When I use ly's I will hook them straight thru the two small fins on the bottom of the fish, under the head. They will swim in a circle normally. Spanish will tear them up. Looks wonded. You have to stick them directly in the back of the fin almost through the fins on both sides. Sometime they die a lil faster but its very successful method. 
Pin fish I do as other are suggesting.


----------



## Boat-Dude (Sep 24, 2011)

lighttackle2fun said:


> When I use ly's I will hook them straight thru the two small fins on the bottom of the fish, under the head. They will swim in a circle normally. Spanish will tear them up. Looks wonded. You have to stick them directly in the back of the fin almost through the fins on both sides. Sometime they die a lil faster but its very successful method.
> Pin fish I do as other are suggesting.



Win!!!


----------



## FL Marine Plastics (Feb 7, 2013)

Usually the pier I fish I have the benefit of either an incoming or outgoing tide. Sometimes if the current isn't too strong though they hang out right there. I'll use a float about 5ft back from the bait and the light surface current with the float helps guide the bait away.


----------



## fairpoint (May 9, 2013)

Hook most baits in the topside tail area....keep tension on your line so the fish is always heading away from you......most fish can't swim backwards,lol....


----------



## 850lover (Oct 28, 2008)

do u guys use a weight when using live pinfish?


----------



## FL Marine Plastics (Feb 7, 2013)

850lover said:


> do u guys use a weight when using live pinfish?
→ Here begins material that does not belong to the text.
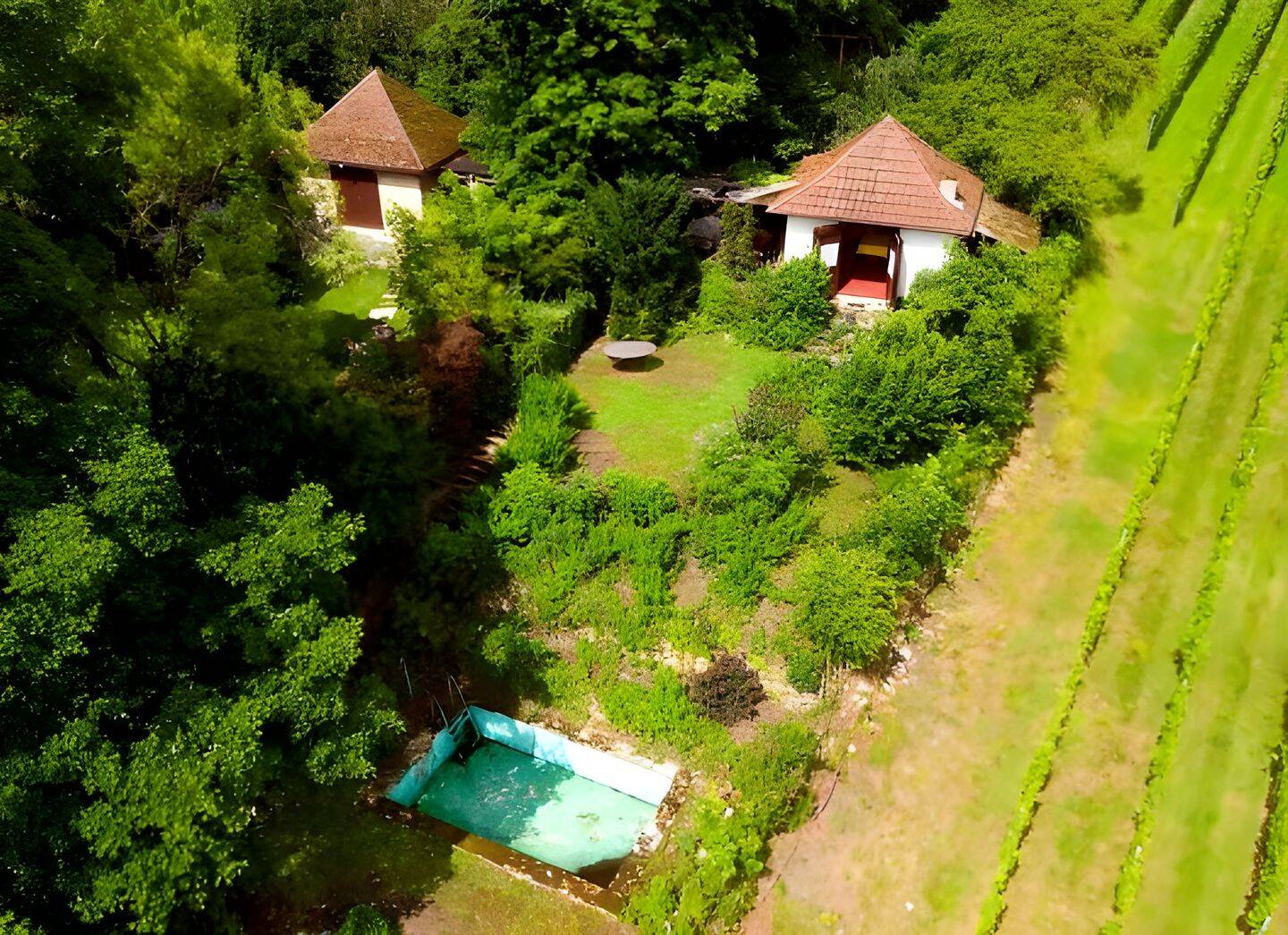 Idyllisches Gartengrundstück am Burgholzhof in Stuttgart – mit 2 Bestandhäuser!, 70376 Stuttgart (Bad Cannstatt Burgholzhof Münster Zuffenhausen)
It depends on where and how I'm fishing. Sometimes I'll just free line it out and let it swim around but if I'm trying to keep it in a specific area I use a 3 way swivel. One part connects to your main line, one part with about 3 ft and a weight, and the part with the pinfish on it has about 5-6 ft of line


----------



## fairpoint (May 9, 2013)

Another way is to get a sliding weight ...thread the line through it then tie a 20" fluorocarbon leader with a circle hook or J hook....keep the line tight and he will stay close to the bottom.....let a little slack out and he can swim about .....this rig is a bull redfish catcher.....I also like this rig for flounder fishing as well......


----------



## Breeze (Mar 23, 2012)

fairpoint said:


> Another way is to get a sliding weight ...thread the line through it then tie a 20" fluorocarbon leader with a circle hook or J hook....keep the line tight and he will stay close to the bottom.....let a little slack out and he can swim about .....this rig is a bull redfish catcher.....I also like this rig for flounder fishing as well......


This is how I rig up for reds also. Only difference is I use a 36" steel leader. I hook my live bait just in front of the tail. I use the same rig for spanish except I attach a float about 4-5 feet above the weight. 

Frozen cigars also work well using this set up.


----------



## Wolfithius (Sep 8, 2013)

I am absolutely new to the piers and NW Florida. Do you catch your baitfish on sabiki rigs? I would be fishing at Okaloosa.

Also, I might try wading in the bay for trout or other fish in flats. Is there a way to determine which areas hold fish, when and what time (tides?)?


----------